The Respondent is Redbull Ltd/ Michael Atkins, Upplands, Väsby, Sweden.
2. The Domain Name and Registrar
The disputed domain name <redbull.nu> is registered with .NU Domain Ltd.
3. Procedural History
The Complaint was filed with the WIPO Arbitration and Mediation Center (the “Center”) on August 23, 2005. On August 24, 2005, the Center transmitted by email to .NU Domain Ltd. a request for registrar verification in connection with the domain name at issue. On August 23, 2005, .NU Domain Ltd. transmitted by email to the Center its verification response confirming that the disputed domain name is registered and providing the contact details for the administrative, billing, and technical contact. .NU Domain Ltd. was not in a position to confirm that the Respondent is the current registrant of the domain name in the absence of any indication to that effect in the Complaint. In response to a notification by the Center that the Complaint was administratively deficient, the Complainant filed an amendment to the Complaint on August 26, 2005. The Center verified that the Complaint together with the amendment to the Complaint satisfied the formal requirements of the Uniform Domain Name Dispute Resolution Policy (the “Policy”), the Rules for Uniform Domain Name Dispute Resolution Policy (the “Rules”), and the WIPO Supplemental Rules for Uniform Domain Name Dispute Resolution Policy (the “Supplemental Rules”).
In accordance with the Rules, paragraphs 2(a) and 4(a), the Center formally notified the Respondent of the Complaint, and the proceedings commenced on August 26, 2005. In accordance with the Rules, paragraph 5(a), the due date for Response was September 15, 2005. The Respondent submitted his Response on September 13, 2005, represented by one Mr. Johan Hansen, allegedly the technical and administrative contact for the domain name. Accordingly, the Center notified the Response to the Complainant. On September 15, 2005, the Complainant submitted “Comments to the statement of Johan Hansen” which were notified to the Respondent. The Center acknowledged Receipt of the Response on September 16, 2005. On September 19, 2005, the Respondent submitted to the Center a document identified as “In reference to Comments to statement of Johan Hansen”.

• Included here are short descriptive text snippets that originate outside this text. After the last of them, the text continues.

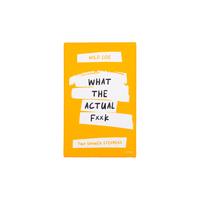 What The Actual F**k | Shower Steamer Two Pack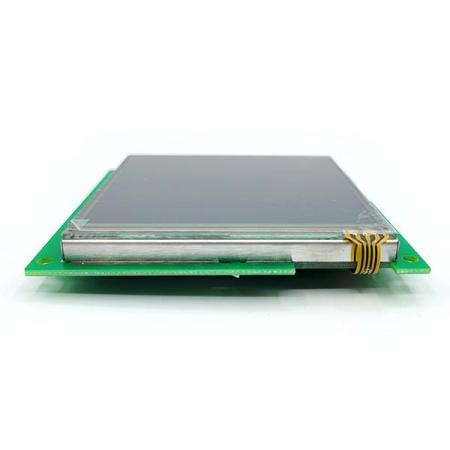 디바이스마트,LED/LCD > LCD COLOR > UART LCD/HMI LCD,클리어디스플레이,4.0인치 CD040M48480I-01R UART LCD MODULE,4.0인치 / 해상도 : 480 x 480 / 터치 방식 : Resistive (4Wire) / MCU : 400MHz SOC Processor / Memory : 128Mbit(16MB)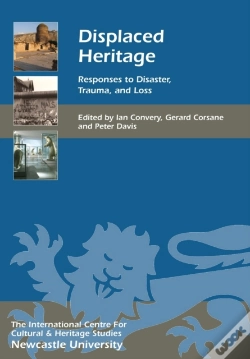 Capa do artigo Displaced Heritage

The Center appointed Michel N. Bertschy as the Sole Panelist in this matter on September 28, 2005. The Panel finds that it was properly constituted. The Panel has submitted the Statement of Acceptance and Declaration of Impartiality and Independence, as required by the Center to ensure compliance with the Rules, paragraph 7.
The language of these administrative proceedings is English, being the language of the registration agreement.
4. Factual Background
The Complainant is the largest worldwide producer of energy drinks. It is the producer of the RED BULL energy drink, first sold in Austria in 1987 and internationally since 1992 (Exhibits E and E1). More specifically, first shipments of Red Bull energy drinks took place on September 15, 1995, to Spain, November 12, 1996, to Sweden, and September 23, 1996, to New Zealand (Exhibit E1). Currently, the product is sold in 127 countries and is available on all continents (Exhibit E1).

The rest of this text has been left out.